The lawsuit argued that for team truckers, sleeper berth time would be considered “on duty” under the FLSA and should therefore be compensated time. The truckers said that if sleeper berth time counted towards hours worked, then drivers would fall below hourly minimum wage standards.

The court found that CRST’s team driving business model benefits from the fact that drivers are confined within the sleeper berth beyond their eight hours sleeping period:

The fact that the drivers are typically traveling during time spent in the sleeper berth also suggests that such time is for CRST’s benefit, given the importance of continuous travel to CRST’s business. CRST’s team driving approach, requiring drivers to trade on and off their driving and non- driving times until they arrive at their destination, allows CRST’s trucks to remain in near continuous motion while complying with DOT regulations limiting drivers’ hours behind the wheel. CRST benefits enormously from the team driving model as the company makes its deliveries in approximately half the time that it would take a solo driver to complete the same trip. Indeed, CRST understands the necessity of drivers’ sleeper berth time to the company’s bottom line, explaining that its team driving model allows it to “get twice the utilization out of the truck and keep that cargo moving . . . twenty hours a day or more.” Such speed of travel is made possible only by the resting driver resetting their driving hours in the sleeper berth while their teammate continues to drive.

 

The court also found that while truckers are free to perform leisure activities during their sleeper berth time, this time is compromised by the nature of their work:

Although CRST recognizes that employees are confined to the sleeper berth, it repeatedly emphasizes that the drivers may use the sleeper berth time for personal activities such as eating, watching movies, and connecting to the internet, making such time predominantly for the drivers’ benefit. Somewhat implausibly, CRST contends that drivers can do “anything . . . they [have] a mind to do” during their sleeper berth time.

CRST’s argument turns a blind eye to the limitations inherent in the drivers’ physical location. Though drivers may be able to engage in some leisure activities, the nature of these activities is restricted by the drivers’ presence in the sleeper berth of a moving truck — a small space, containing only some basic living essentials, that drivers cannot leave until the truck stops moving. The minimum height of the sleeper berth is a mere 24 inches as measured from the top of the mattress installed in the berth, see 49 C.F.R. § 393.76(a)(1), meaning that drivers may struggle to stand or even sit up in bed in the sleeper berth. The driver in the sleeper berth is also in constant proximity to the noise of the truck’s engine, further reducing drivers’ ability to sleep, relax, or engage in leisure activities of their choice. In short, CRST’s argument that the drivers’ time is their own because they can use it as they wish is unpersuasive considering the drivers’ physical confinement in a restrictive space that is ill-equipped for many activities.

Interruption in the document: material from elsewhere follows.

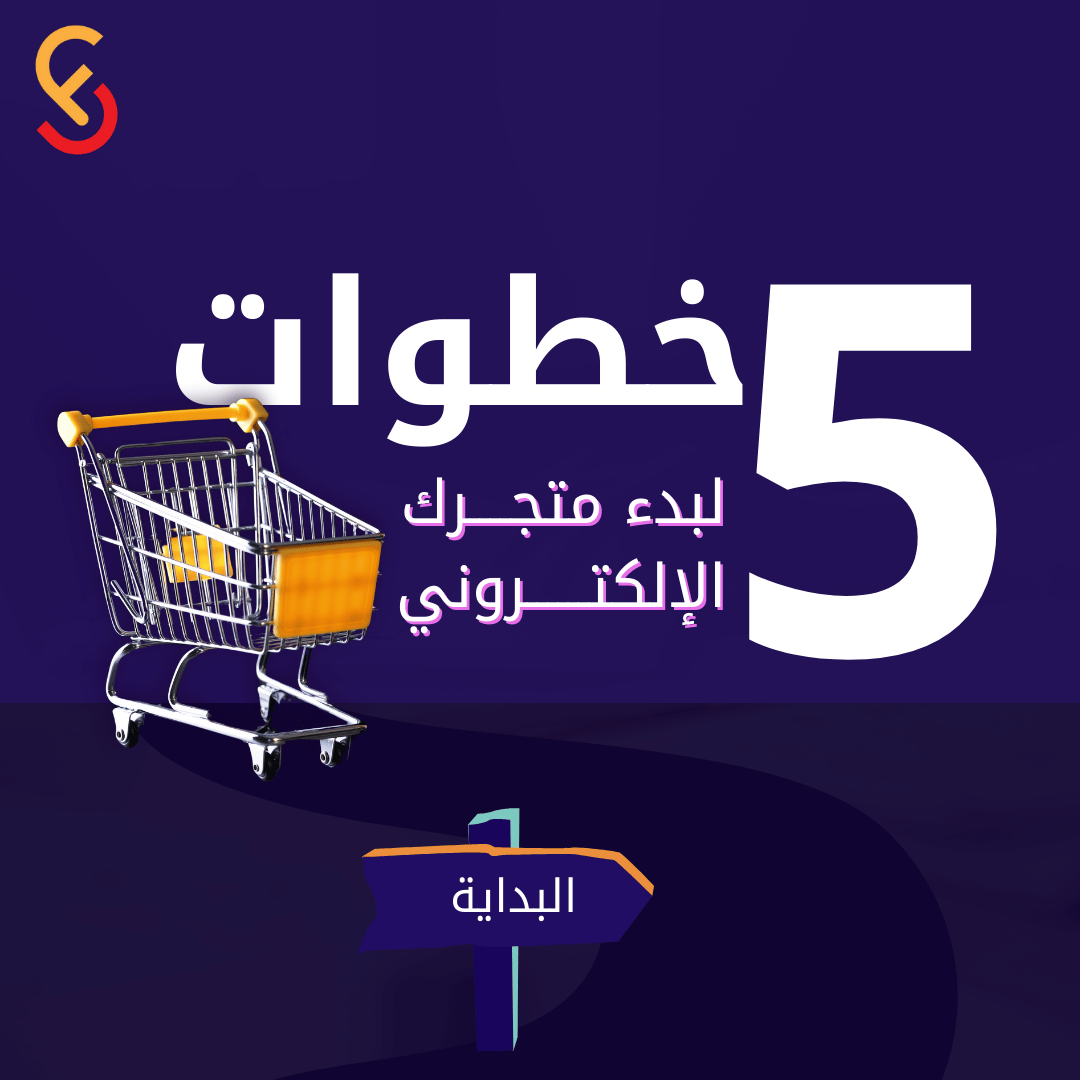 5 خطوات سهلة لبدء متجرك الإلكتروني والنجاح في عالم التجارة الرقمية 🚀"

The court also found that sleeper berth time is a burden on the driver that benefits his or her employer:

While the record does not contain examples of drivers’ sleeper berth time being interrupted for work, the nature of the team driving setup means that the driving teammate may call on the resting teammate to provide emergency assistance, even during the mandated ten-hour period defined as “off-duty” by the DOT regulations. See 49 C.F.R. § 395.1(b)(2) (providing that, in “emergency conditions,” a driver may complete the shipment even if the driving time falls outside of the maximum driving time “without being in violation of the provisions of the regulations”). The discomfort of being confined in a small and noisy space, as well as the possibility of interruptions, suggest that the sleeper berth time presents more than a “minimal burden” on drivers. See Singh, 524 F.3d at 368. Considering the restrictions that sleeper berth time places on drivers and its centrality to CRST’s team driving model, we conclude that such time predominantly benefits the employer.

The court ultimately concluded that “we hold that employees’ time spent in the sleeper berth that exceeds eight hours per day is compensable work under the FLSA.”